Jorge San Miguel

The Whole Lennon Thing

«What’s left of Lennon today? After the baby boomer mythology, he remains perhaps the most significant popular musician of the 20th C. —admittedly, with the permission of Elvis and Zimmerman»


The Whole Lennon Thing
AP PhotoFile AP

It’s forty years now since they killed John Lennon, which is how old Lennon was when he died. When I was a kid, John Lennon was the major absence in popular culture, just as Marilyn Monroe or Jimmy Hendrix had been before that, but this time the size of it was unheard of. We lived in a baby boomers’age in which the Beatles had been everything, a world forged in a melting pot of the sixties and its myths. To say Kurt Cobain, not to mention Ian Curtis or Amy Winehouse, doesn’t even come close. The baby boomers still took themselves seriously and they had real myths.

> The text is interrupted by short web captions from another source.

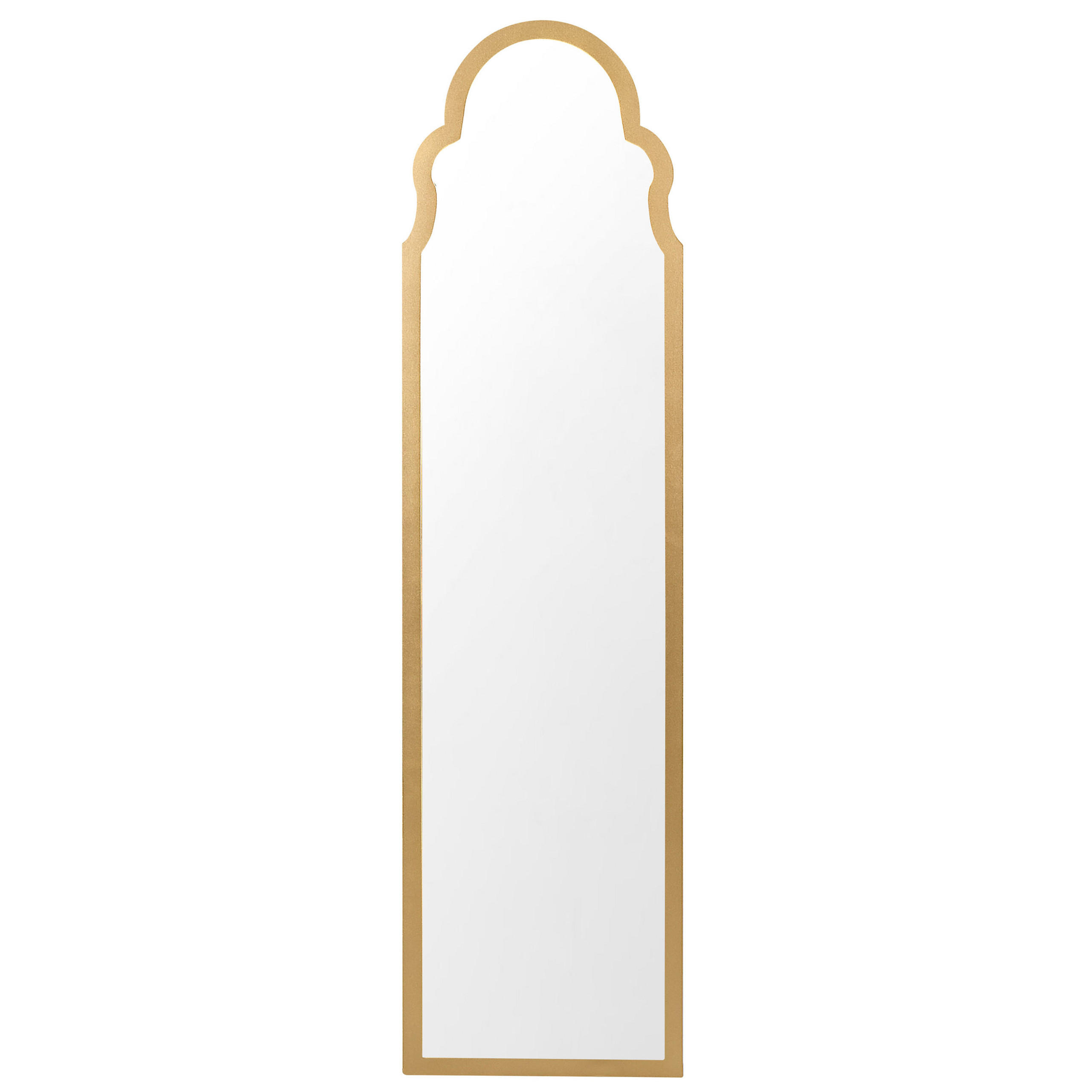 STEHSPIEGEL gold 40/150 cm Chatillon - Goldfarben, Holzwerkstoff (40/150/60cm) - Beliani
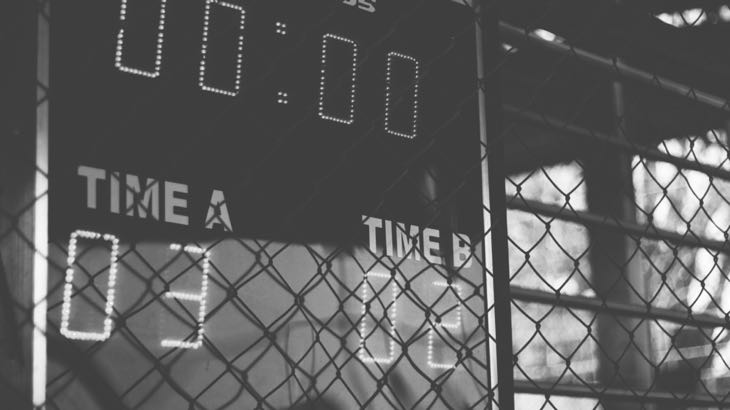 Scoreboard black and white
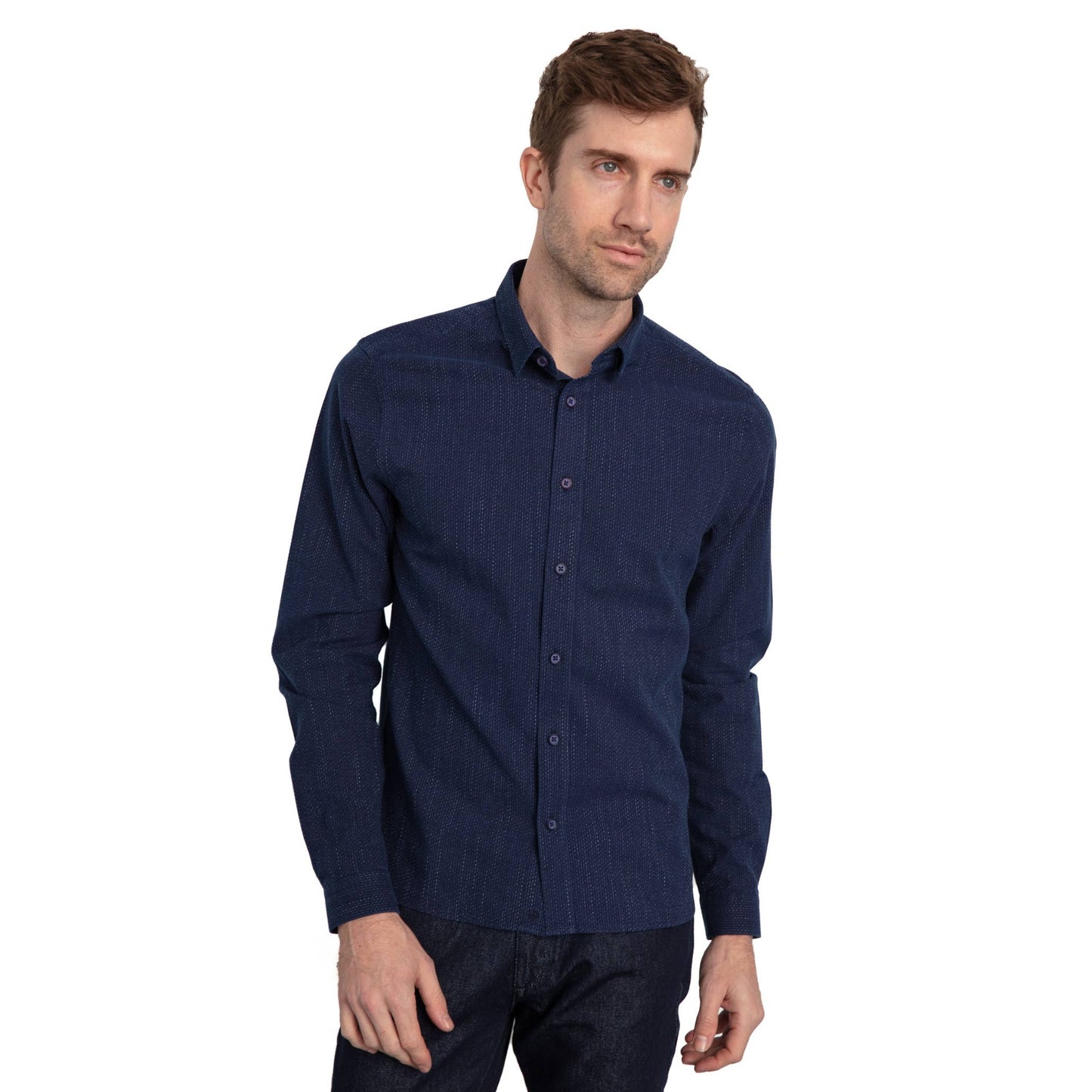 Vustra Storm Blue Button-Down Shirt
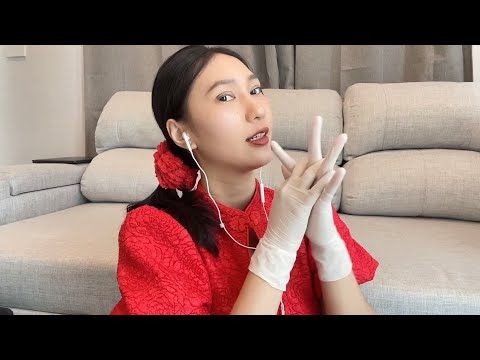 ASMR LATEX GLOVES  ( SIZE XS ) SOUND RELAX 💋🧧 - RAINIE ASMR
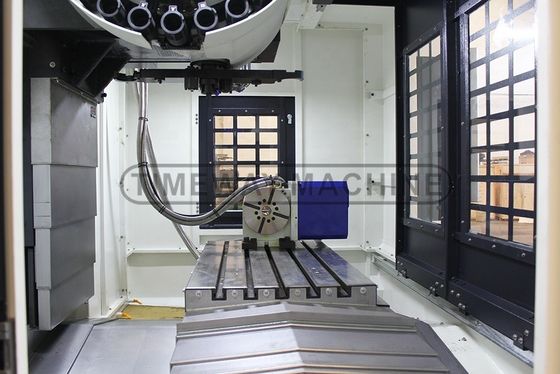 Verticale freescentra CNC-freesmachine-gereedschap met 500x1000mm werkbank afmeting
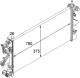 Radiator, engine cooling - CR880000P MAHLE - 0204.2035, 060021N, 1349207080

That was in the world of «culture», which is to say, as it is found in calendars and newspaper supplements.  Because in music Lennon had become a white elephant even before he died, what is known in politics as a «Chinese vase». The weight of his leadership in the Beatles had been too much. McCartney carved out a new career for himself in the shadow of a mildly self-parodying band —«Wings, the band the Beatles could have been», as Alan Partridge said. Harrison hit it big with Bangladesh. Ringo devoted himself to having a good time, just like before.

Lennon, for his part, tried the shrill psychologism of the Plastic Ono Band and the essentialism of Rock ‘n’ Roll, for which reason many called him reactionary, and he had time to leave Yoko for May Pang and to disappear with Nilsson on a gigantic drinking spree. He went five years without making a record and he explained it in ‘Watching the Wheels’, which was published four months before they killed him. Along the way he left some of the worst songs of all time as well as manifestos like Working Class Hero, which still resonate today, maybe even more forcefully than they did in the world I grew up in. Under the banner of the most insufferable and inane universalizing proclamations, for which he continues to be remembered —see Pedro Sánchez’s tweetthe matter of class was central to Lennon.

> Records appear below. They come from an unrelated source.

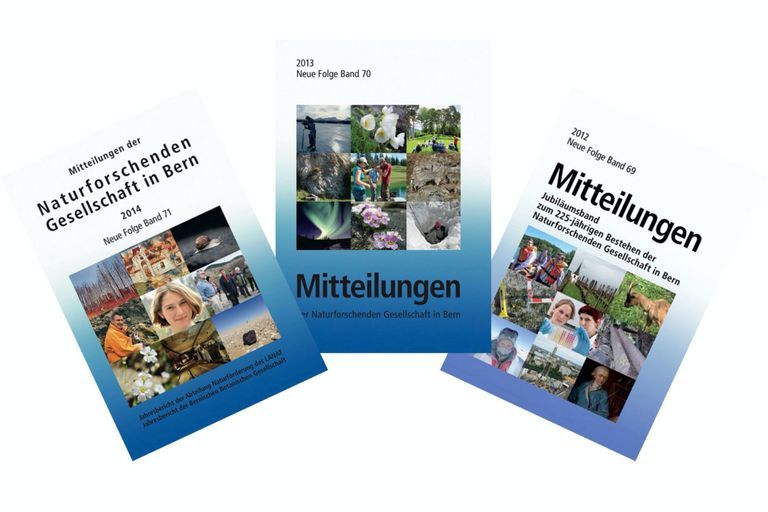 Mitteilungen der Naturforschenden Gesellschaft in Bern Mitteilungen der Naturforschenden Gesellschaft in Bern
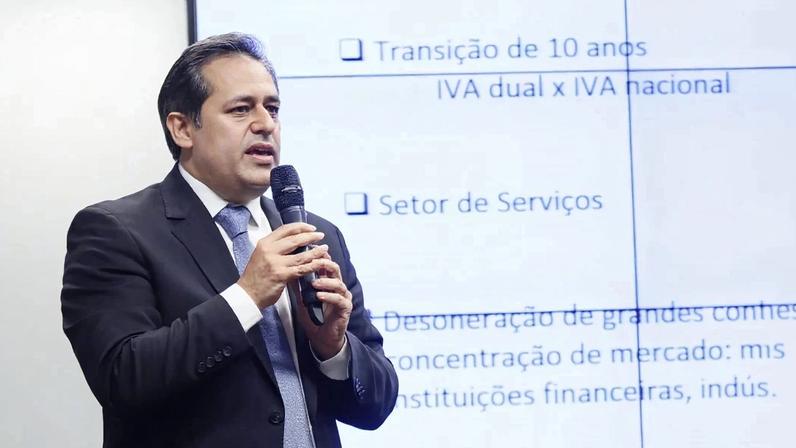 Audiência Pública - Tema: Operacionalização do IBS e o Processo Administrativo Fiscal. Presidente do Sindicato Nacional dos Auditores-Fiscais da Receita Federal do Brasil, Kleber Cabral - Luis Macedo/Câmara dos Deputados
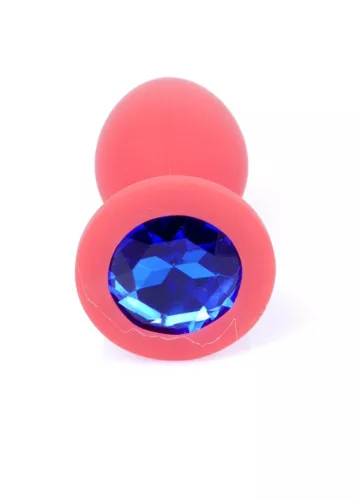 Mylove Toys Anál plug Szilikon, ékszeres 7 cm piros kis méret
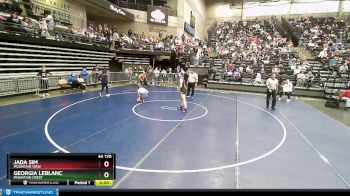 4A 120 lbs Cons. Round 1 - Georgia Leblanc, Mountain Crest vs Jada Sim, Mountain View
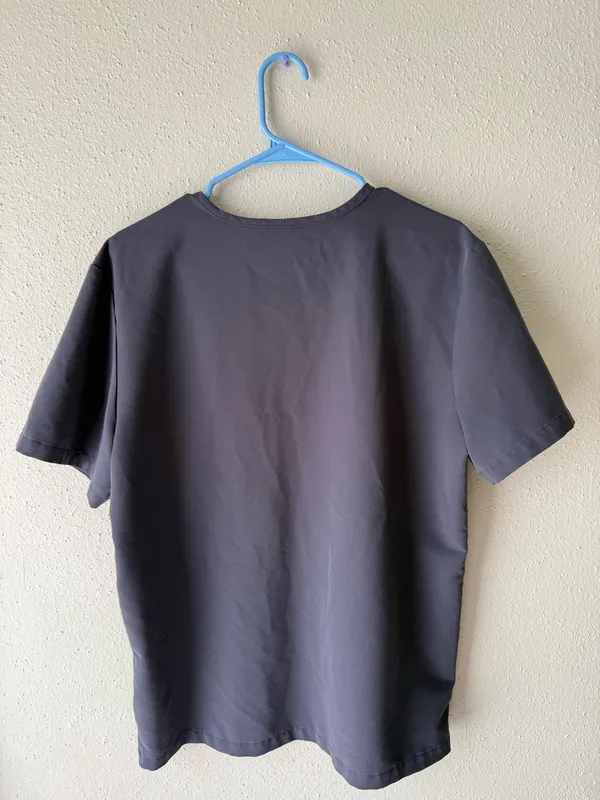 FIGS Scrub Top Catarina One-Pocket Charcoal Grey - Image 3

A few years ago I went to Liverpool on the pretext of attending a concert, I wrote about it here, and I took advantage of the trip to visit several places of pilgrimage: Mendips, Strawberry Fields, Penny Lane.  I crossed Menlove Avenue at approximately the same point where a driver with a learning permit ran over and killed Julia Stanley one evening on July 15th, 1958. It’s tempting to think that in this fact there is all you need to know about Lennon. In addition to his complicated relationship with social class: the boy John lived very comfortably with his Aunt Mimi and his Uncle George Toogood Smith —it’s all in a name— , who used to read him stories at night and who taught him to play with words. But he came from a broken home, and even though the family and local authorities forced Julia to give her sister custody of her child, she kept on being the light in his life until that evening in July. The young Lennon tread an almost imperceptible line between the very modest and mild manners of the McCartney family, who lived on the other side of Allerton Manor, and the financial straits, or hard knocks of real poverty, experienced by Harrison or Ringo.  The tensions that nourish a creative spirit slip through those intersections in life. He wasn’t a fraud when he wrote Working Class Hero, as I thought for a long time—even if, as always, that wasn’t the whole story.

Those tensions also came out in less peaceful ways. Lennon was a man of violent impulses, contrary, once more, to the lay mythology that made him out to be a fully robed saint. (I still remember my friends’ indignation over a sketch that Rosa Montero did at the end of the 90s in which she described the other side of his character.) He was really into dope, while the Stones took all the credit, a fact which is today even funnier when you see how they have become a multinational company with Jagger as the CEO.  What’s left of Lennon today? After the baby boomer mythology, he remains perhaps the most significant popular musician of the 20th C. —admittedly, with the permission of Elvis and Zimmerman, but he is also somebody you can keep listening to at this late date, more or less attentively, in all his sundry guises. And he is a personality who sums up a good share of the glory and the shortcomings of the minor white middle classes of this century. No small feat.